By Frank Kenna
A $5 bag for something that only costs 55 cents? A recent op-ed piece in The Wall Street Journal examined the “Exorbitant, Outrageous” price of popcorn in movie theaters. The author, Richard McKenzie calculated that it’s not such a bad deal. After all, if you made it yourself, and value your time at $20 per hour, it would cost you over $10 between prep, cooking, oil, kernels and cleanup. And then you have to smuggle it into the theater without getting busted by the 16-year old ticket-taker!
This logic follows with many products. While a can of Coke may only cost a few cents to make, consumers are quite willing to pay a buck or two. The same holds true for a newspaper; the cost of materials is pennies, but the cover price can be $2 or $3. For example, a quick look at The New York Times 2009 statement of operations shows that the raw costs per year are $166,000,000. Many people would compare that with the yearly sales of $2.4 billion and deduce that they’re making a lot of money. But hold on… the raw materials are only a small part of the picture. When other items such as salaries and overhead are added up, the TOTAL operating costs were $2.3 billion. In other words, those raw costs tell only about 7% of the story. Just like popcorn in theaters, the raw materials are only the beginning, but they are most easily visible to the consumer who in turn often draws the wrong conclusion.
This is the same dynamic that we see in publishing workplace communications. The paper and ink that goes into our print editions, or the electrons that flow over the Internet for our digital editions, are only the start.

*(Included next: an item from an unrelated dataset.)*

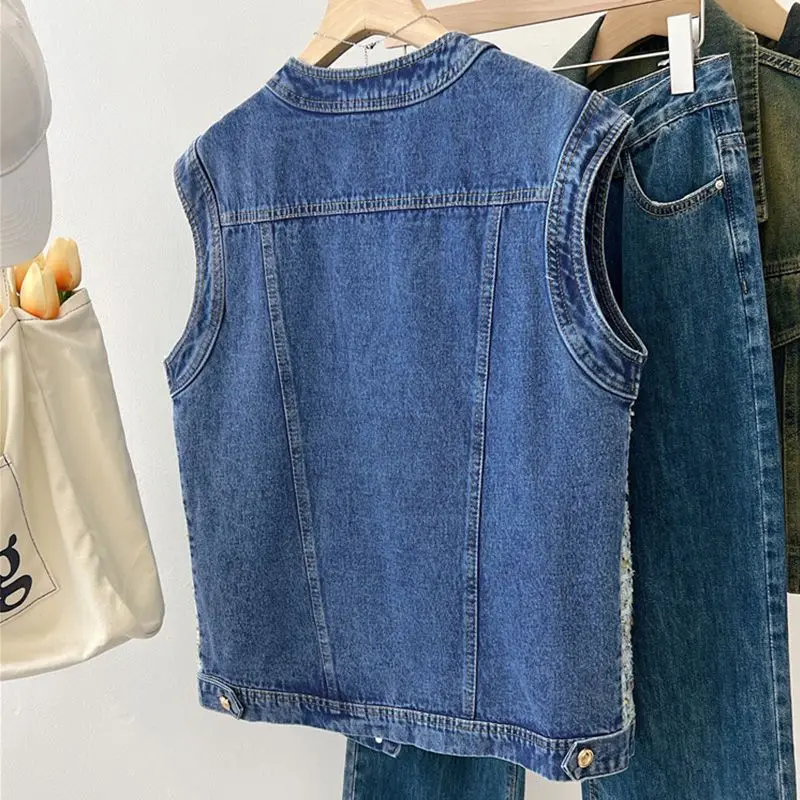 Gilet di jeans per le donne nuovo vestito dalla fasciatura capispalla popolare di quest\'anno 2024 nuovo gilet di moda per il tempo libero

The expensive part is the research, design, overhead and intellectual capital that go into the product.
When managers consider implementing an employee communications program, they often focus on the raw costs, thinking that a PC, printer and a copy of Photoshop will get them going. But they’re focusing on the wrong thing. It’s all about the creation of the content… who’s going to do that? Where will the experience, education and expertise come from? Who will produce the dozens of pieces needed each month to produce an effective workplace communications program?
Focusing on the raw materials of workplace communication is like focusing on the raw popcorn kernels at the theater. It’s what comes next that really counts.